Saving XML using ETree in Python. It's not retaining namespaces, and adding ns0, ns1 and removing xmlns tags
Asked Answered
S

2

18

I see there are similar questions here, but nothing that has totally helped me. I've also looked at the official documentation on namespaces but can't find anything that is really helping me, perhaps I'm just too new at XML formatting. I understand that perhaps I need to create my own namespace dictionary? Either way, here is my situation:

I am getting a result from an API call, it gives me an XML that is stored as a string in my Python application.

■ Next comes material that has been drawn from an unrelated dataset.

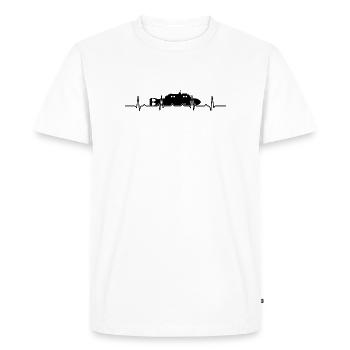 Battement de cœur sous-marin - T-shirt Premium bio Homme - blanc - Devant - Nico (187cm)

What I'm trying to accomplish is just grab this XML, swap out a tiny value (The b:string value user ConditionValue/Default but that's irrelevant to this question) and then save it as a string to send later on in a Rest POST call.

The source XML looks like this:

<Context xmlns="http://Test.the.Sdk/2010/07" xmlns:i="http://www.w3.org/2001/XMLSchema-instance">
<xmlns i:nil="true" xmlns="http://schema.test.org/2004/07/Test.Soa.Vocab" xmlns:a="http://schema.test.org/2004/07/System.Xml.Serialize"/>
<Conditions xmlns:a="http://schema.test.org/2004/07/Test.Soa.Vocab">
    <a:Condition>
        <a:xmlns i:nil="true" xmlns:b="http://schema.test.org/2004/07/System.Xml.Serialize"/>
        <Identifier>a23aacaf-9b6b-424f-92bb-5ab71505e3bc</Identifier>
        <Name>Code</Name>
        <ParameterSelections/>
        <ParameterSetCollections/>
        <Parameters/>
        <Summary i:nil="true"/>
        <Instance>25486d6c-36ba-4ab2-9fa6-0dbafbcf0389</Instance>
        <ConditionValue>
            <ComplexValue i:nil="true"/>
            <Text i:nil="true" xmlns:b="http://schemas.microsoft.com/2003/10/Serialization/Arrays"/>
            <Default>
                <ComplexValue i:nil="true"/>
                <Text xmlns:b="http://schemas.microsoft.com/2003/10/Serialization/Arrays">
                    <b:string>NULLCODE</b:string>
                </Text>
            </Default>
        </ConditionValue>
        <TypeCode>String</TypeCode>
    </a:Condition>
    <a:Condition>
        <a:xmlns i:nil="true" xmlns:b="http://schema.test.org/2004/07/System.Xml.Serialize"/>
        <Identifier>0af860f6-5611-4a23-96dc-eb3863975529</Identifier>
        <Name>Content Type</Name>
        <ParameterSelections/>
        <ParameterSetCollections/>
        <Parameters/>
        <Summary i:nil="true"/>
        <Instance>6364ec20-306a-4cab-aabc-8ec65c0903c9</Instance>
        <ConditionValue>
            <ComplexValue i:nil="true"/>
            <Text i:nil="true" xmlns:b="http://schemas.microsoft.com/2003/10/Serialization/Arrays"/>
            <Default>
                <ComplexValue i:nil="true"/>
                <Text xmlns:b="http://schemas.microsoft.com/2003/10/Serialization/Arrays">
                    <b:string>Standard</b:string>
                </Text>
            </Default>
        </ConditionValue>
        <TypeCode>String</TypeCode>
    </a:Condition>
</Conditions>

My job is to swap out one of the values, retaining the entire structure of the source, and use this to submit a POST later on in the application.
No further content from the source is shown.